This repository contains my implementations of most of the algorithms presented in the second edition of Sutton & Barto's seminal book Reinforcement Learning: An Introduction.
The motivation for this was a desire to deepen my understanding of these algorithms, and to display how simply many of them can be implemented, in hopes of inspiring others.
This also means that my implementations prioritize simplicity and readability over maximizing computational efficiency. Specifically, the choice of data representation is in many places suboptimal (e.g. using immutable tables), memoization is in many place omitted, the hyperparameters haven't been carefully tuned, and classic policy approximation tricks such as regularization and normalization have been omitted.
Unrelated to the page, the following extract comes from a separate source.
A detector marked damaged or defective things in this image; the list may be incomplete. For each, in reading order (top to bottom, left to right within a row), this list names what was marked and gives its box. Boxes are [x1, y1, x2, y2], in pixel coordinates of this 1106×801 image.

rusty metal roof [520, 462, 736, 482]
Algorithms for action selection seeking to optimizing cumulative reward in the multiarmed bandit problem:
- Greedy
- Greedy with optimistic initialization
- Epsilon greedy
- Upper confidence bound (UCB)
- Gradient bandit
Algorithms for policy evaluation and policy optimization when the environment model is known and tractable:
- Synchronous policy evaluation using dynamic programming
- Asynchronous policy evaluation using dynamic programming
- Policy evaluation by solving system of linear equations
- Policy iteration (with synchronous policy evaluation using dynamic programming)
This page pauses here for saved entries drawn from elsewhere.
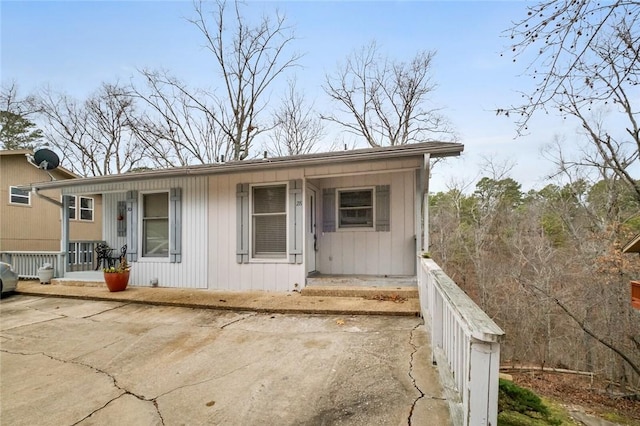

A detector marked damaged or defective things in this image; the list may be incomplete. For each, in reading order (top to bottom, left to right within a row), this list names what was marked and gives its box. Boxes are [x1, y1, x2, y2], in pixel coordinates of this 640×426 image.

crack in concrete [1, 348, 165, 424]
cracked concrete [1, 294, 450, 424]
crack in concrete [221, 312, 258, 330]
crack in concrete [408, 322, 428, 426]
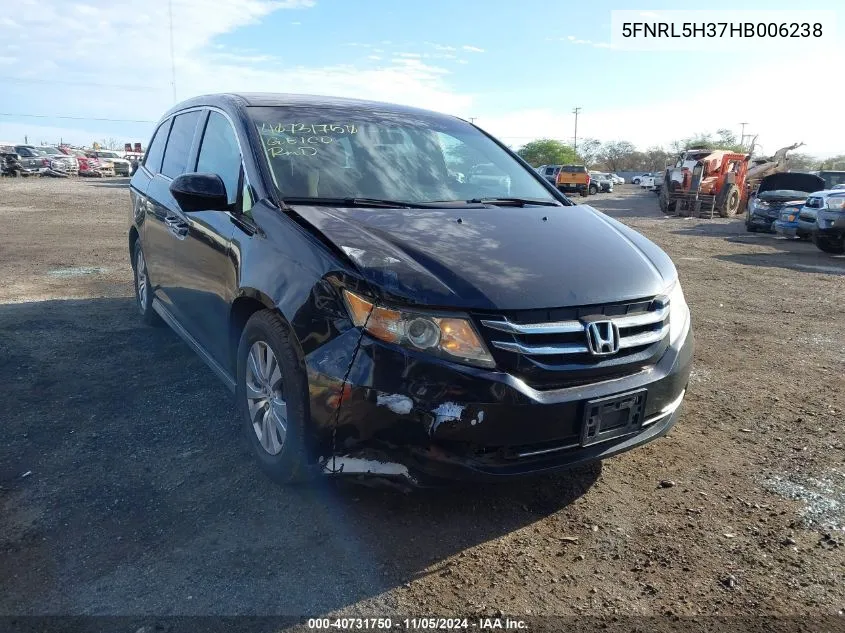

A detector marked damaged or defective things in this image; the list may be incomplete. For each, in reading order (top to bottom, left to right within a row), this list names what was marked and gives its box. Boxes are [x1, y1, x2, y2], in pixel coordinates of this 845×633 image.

wrecked car in background [744, 172, 824, 233]
wrecked car in background [127, 94, 692, 486]
damaged front bumper [304, 320, 692, 484]
torn bumper plastic [304, 324, 692, 482]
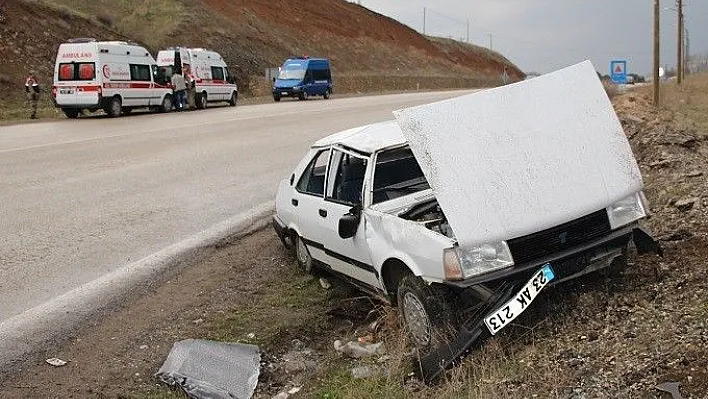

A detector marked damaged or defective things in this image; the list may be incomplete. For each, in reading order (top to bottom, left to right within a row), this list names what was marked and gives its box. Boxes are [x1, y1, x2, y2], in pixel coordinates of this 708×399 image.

crashed white car [270, 61, 660, 382]
crash damage on fender [272, 61, 664, 384]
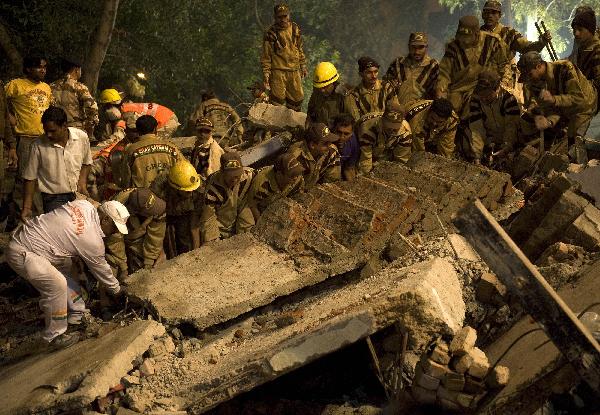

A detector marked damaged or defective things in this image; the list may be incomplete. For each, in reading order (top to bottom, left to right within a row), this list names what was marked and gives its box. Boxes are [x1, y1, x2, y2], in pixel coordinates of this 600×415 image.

broken concrete block [564, 204, 600, 252]
broken concrete block [476, 272, 508, 306]
broken concrete block [0, 322, 164, 415]
broken concrete block [412, 386, 436, 404]
broken concrete block [414, 366, 442, 392]
broken concrete block [432, 342, 450, 366]
broken concrete block [442, 372, 466, 392]
broken concrete block [450, 326, 478, 356]
broken concrete block [454, 352, 474, 376]
broken concrete block [466, 348, 490, 380]
broken concrete block [486, 366, 508, 388]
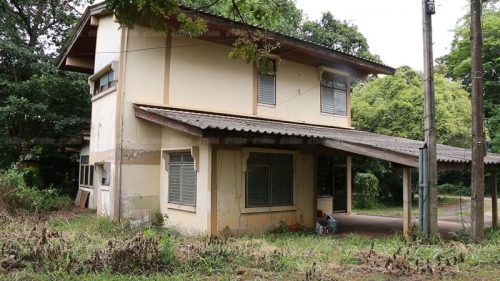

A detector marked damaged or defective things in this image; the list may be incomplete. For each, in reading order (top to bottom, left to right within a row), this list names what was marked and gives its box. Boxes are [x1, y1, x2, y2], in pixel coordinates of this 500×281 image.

rusty metal awning [135, 104, 500, 166]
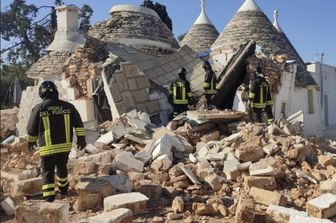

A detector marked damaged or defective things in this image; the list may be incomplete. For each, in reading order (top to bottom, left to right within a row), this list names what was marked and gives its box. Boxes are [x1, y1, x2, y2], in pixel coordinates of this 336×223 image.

damaged roof [213, 0, 318, 86]
damaged roof [26, 50, 71, 79]
broken concrete slab [113, 152, 144, 172]
pile of broken bricks [0, 109, 336, 222]
broken concrete slab [10, 177, 42, 198]
broken concrete slab [15, 200, 69, 223]
broken concrete slab [87, 207, 133, 223]
broken concrete slab [101, 175, 133, 193]
broken concrete slab [103, 192, 148, 214]
broken concrete slab [249, 187, 286, 206]
broken concrete slab [266, 205, 308, 223]
broken concrete slab [308, 193, 336, 220]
- Synchronous value iteration
- Real-time value iteration
- Value iteration with prioritized sweeping
Algorithms for evaluating a policy when the environment model is unknown but the state space is known and tractable: and explored by following the policy:
- Monte Carlo
- TD(0)
- n-step TD
- TD(lambda) with Dutch traces (known in book as True Online TD(lambda))
- Sarsa
Algorithms for evaluating a policy when the environment model is unknown but the state space is known and tractable: and explored by following another policy:
- Monte Carlo with weighted importance sampling
- Expected Sarsa
- n-step tree backup
Algorithms for finding an optimal policy when the environment model is unknown but the state space is known and tractable:
- Policy iteration with Sarsa
- Policy iteration with Expected Sarsa
- Q-learning
- Double Q-learning
- Dyna-Q
- Dyna-Q with prioritized sweeping
Algorithms for at decision time using a known environment model to improve upon the action selections of a suboptimal policy:
- Monte Carlo rollout
- Monte Carlo tree search (MCTS)
Algorithms for finding a near-optimal policy when the environment model is unknown and the state space is intractable:
- Policy iteration with Sarsa with linear action-value function approximation
- Policy iteration with Sarsa(lambda) with linear action-value function approximation
Algorithms for directly finding a near-optimal policy when the environment model is unknown and the state space is intractable:
- REINFORCE
- REINFORCE with baseline
- One-step Actor-Critic
- Actor-Critic with additive eligibility traces